My question is similar to the one asked here: https://stackoverflow.com/questions/14599485/news-website-comment-analysis I am trying to extract comments from any news article. E.g. i have a news url here: http://www.cnn.com/2013/09/24/politics/un-obama-foreign-policy/ I am trying to use BeautifulSoup in python to extract the comments. However it seems the comment section is either embedded within an iframe or loaded through javascript. Viewing the source through firebug does not reveal the source of the comments section. But explicitly viewing the source of the comments through view-source feature of the browser does. How to go about extracting the comments, especially when the comments come from a different url embedded within the news web-page?
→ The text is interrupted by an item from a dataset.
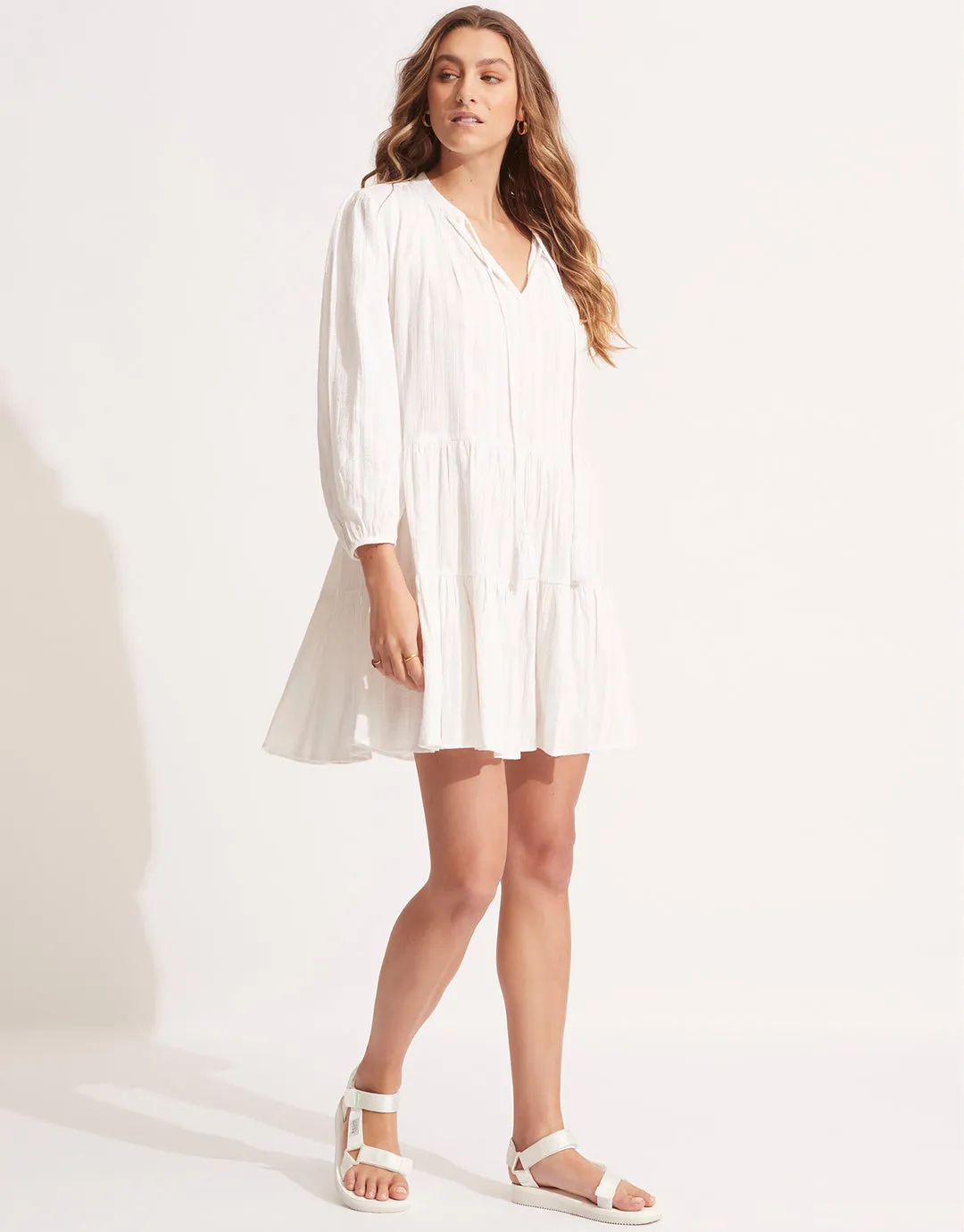 Market Tier Dress - White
This is what i have done till now although this is not much:
import urllib2
from bs4 import BeautifulSoup
opener = urllib2.build_opener()
url = ('http://www.cnn.com/2013/08/28/health/stem-cell-brain/index.html')
urlContent = opener.open(url).read()
soup = BeautifulSoup(urlContent)
title = soup.title.text
print title
body = soup.findAll('body')
outfile = open("brain.txt","w+")
for i in body:
i=i.text.encode('ascii','ignore')
outfile.write(i +'\n')
Any help in what I need to do or how to go about it will be much appreciated.